In the material below, find the line with "Classic Semi-Glossy Paper" and the line with "探访陕西历史博物馆秦汉分馆". Output exactly those two lines and all lines between them, leaving out pictures.

■ **Provided records**
|---|
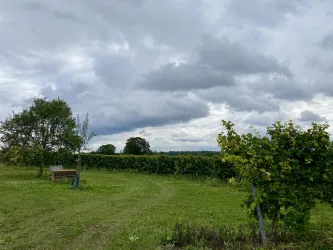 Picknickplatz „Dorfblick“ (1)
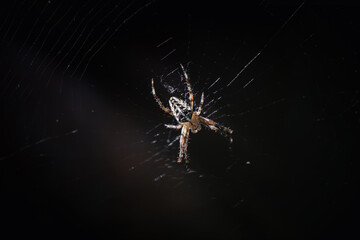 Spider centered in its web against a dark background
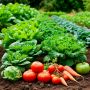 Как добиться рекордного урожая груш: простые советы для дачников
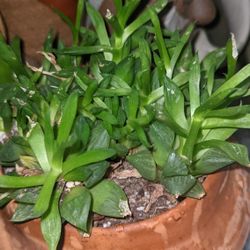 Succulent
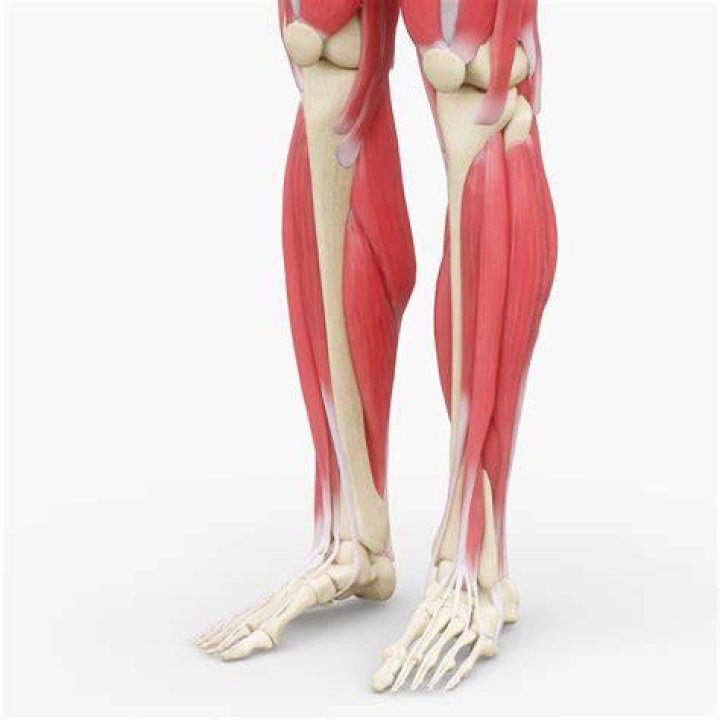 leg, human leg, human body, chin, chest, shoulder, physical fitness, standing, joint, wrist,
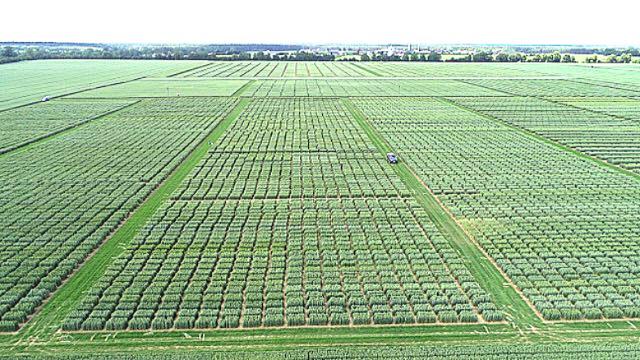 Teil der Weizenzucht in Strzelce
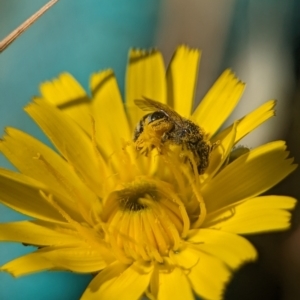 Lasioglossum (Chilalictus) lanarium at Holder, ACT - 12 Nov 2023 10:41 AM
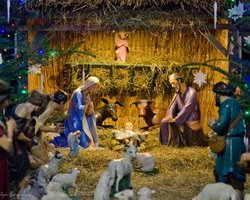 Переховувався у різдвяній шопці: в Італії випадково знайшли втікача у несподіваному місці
|---|
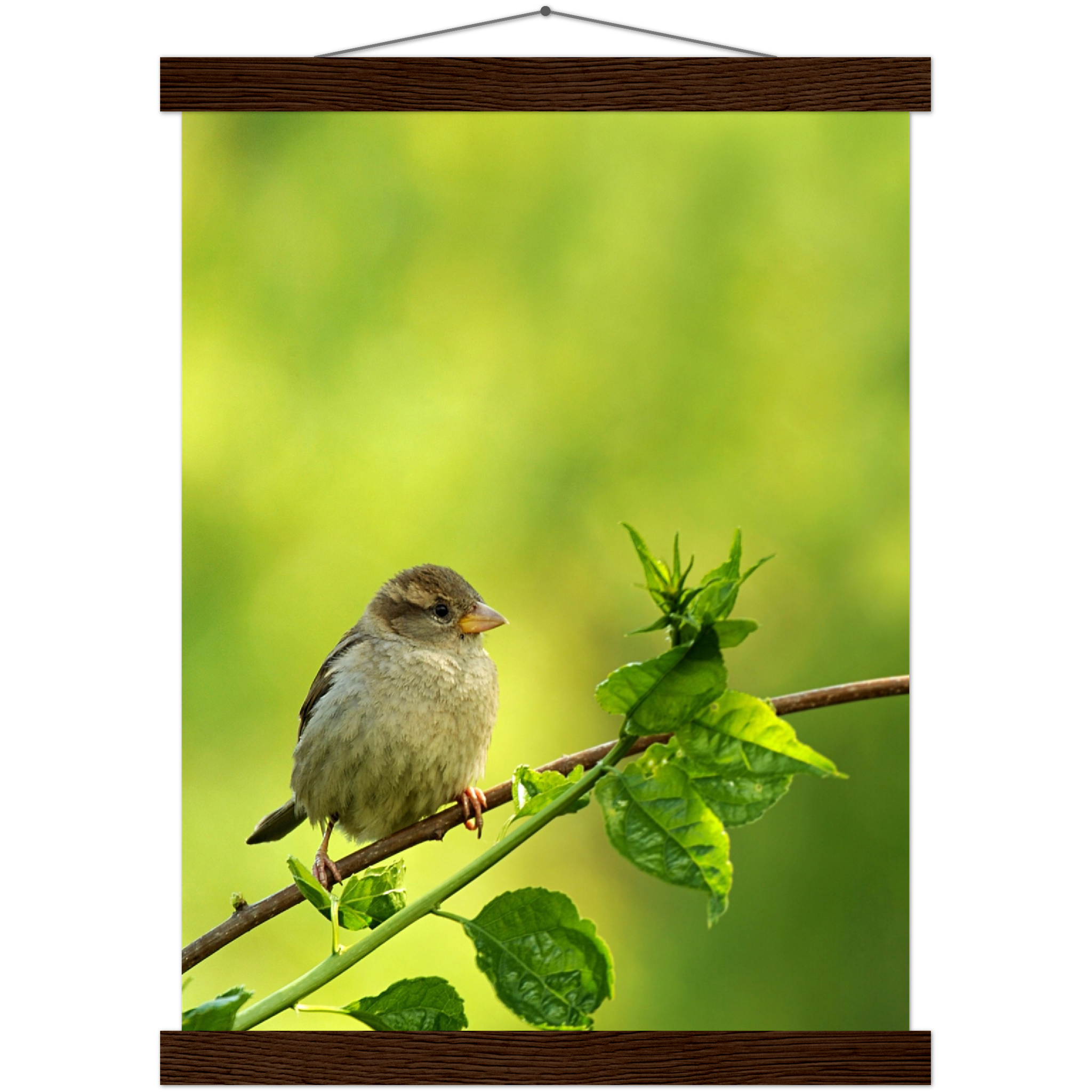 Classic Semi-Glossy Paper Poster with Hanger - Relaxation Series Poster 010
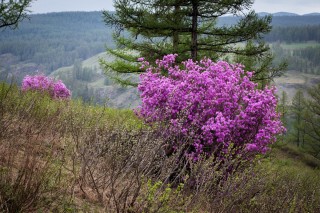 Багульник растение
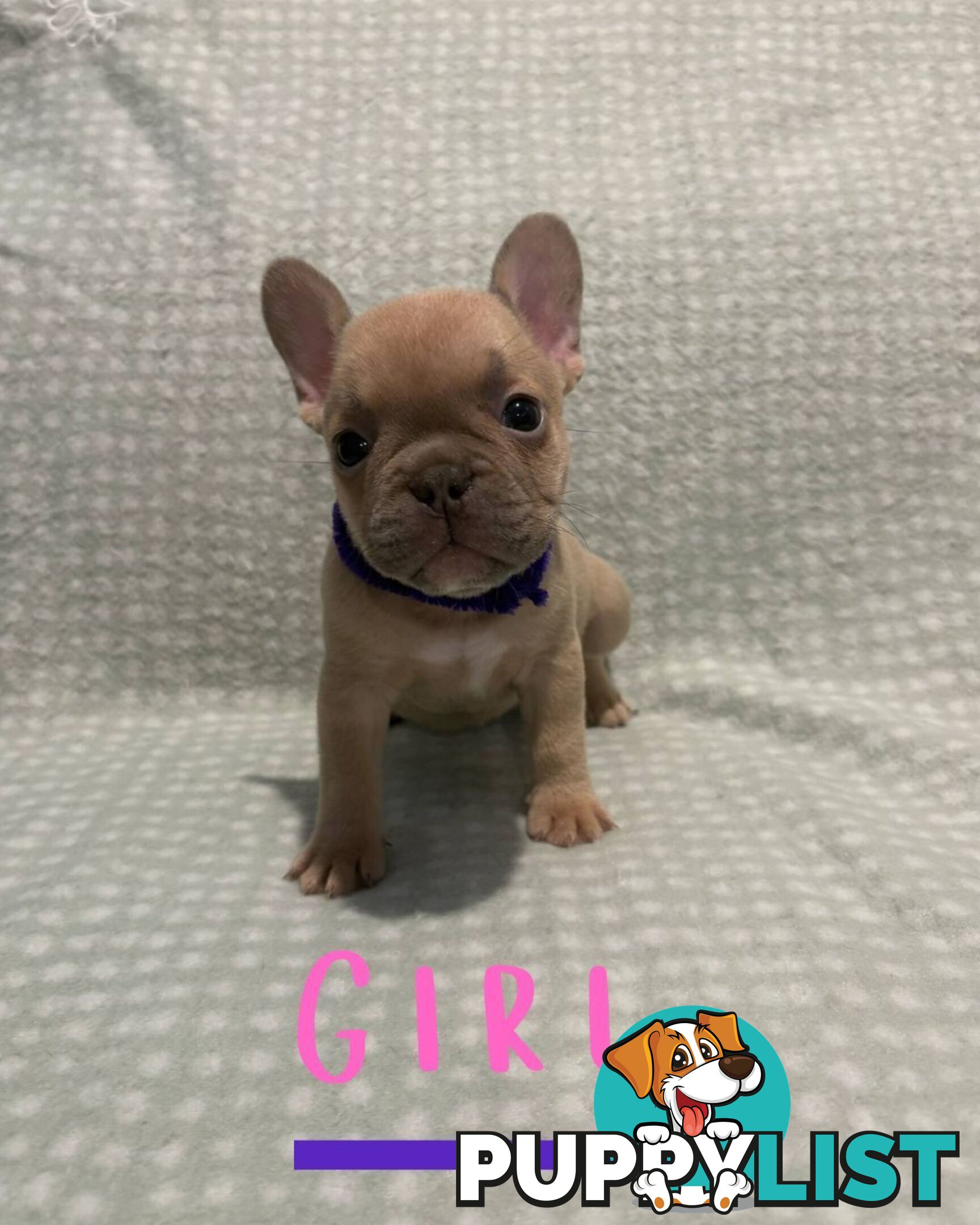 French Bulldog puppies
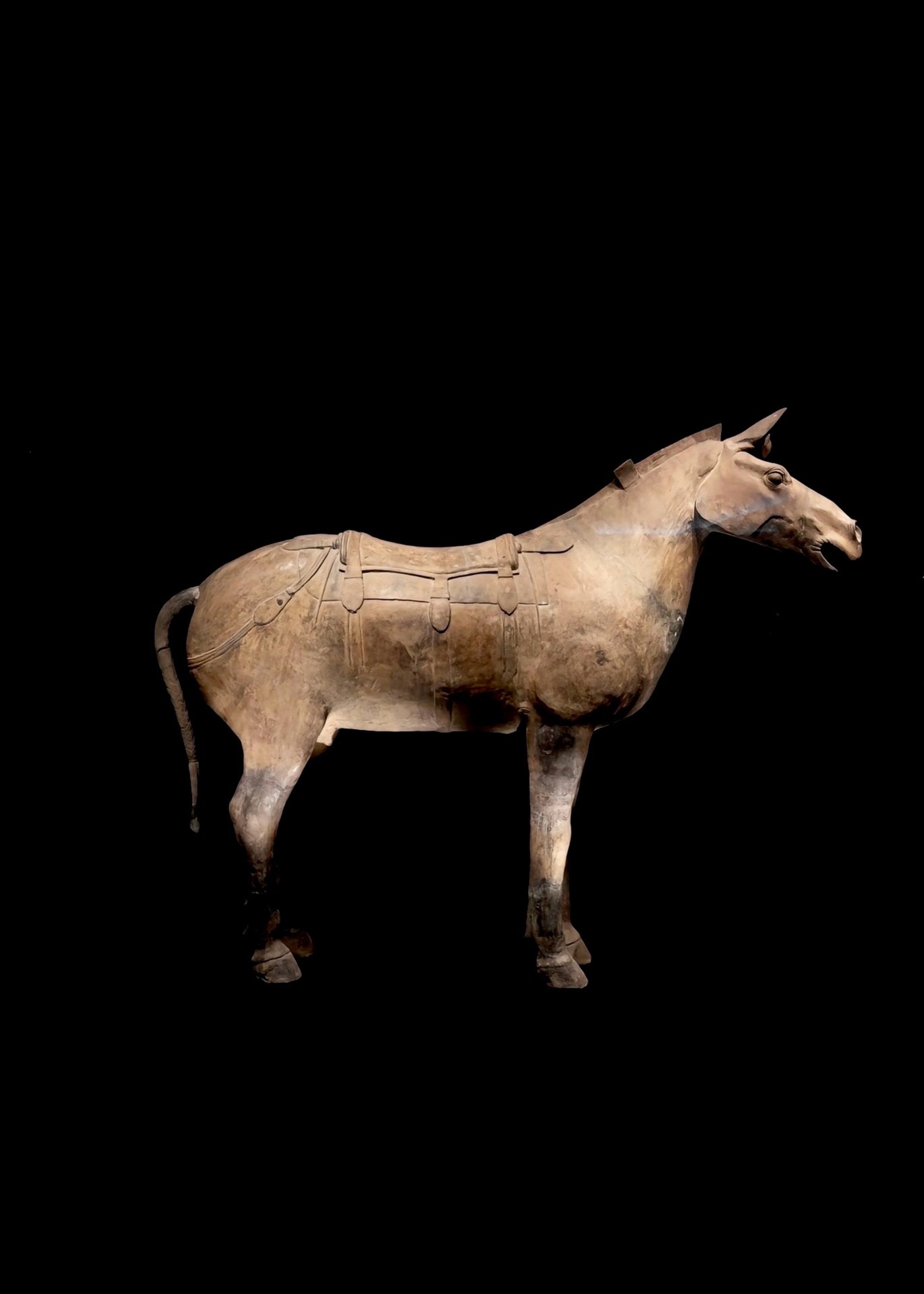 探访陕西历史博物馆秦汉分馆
|---|
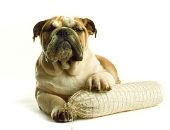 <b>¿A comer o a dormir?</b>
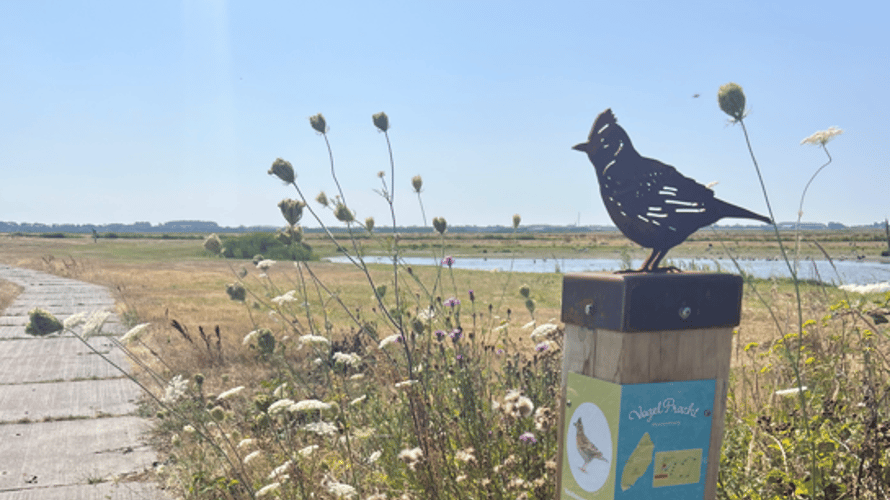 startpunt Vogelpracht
|---|
■ **Answer space**
 Classic Semi-Glossy Paper Poster with Hanger - Relaxation Series Poster 010
 Багульник растение
 French Bulldog puppies
 探访陕西历史博物馆秦汉分馆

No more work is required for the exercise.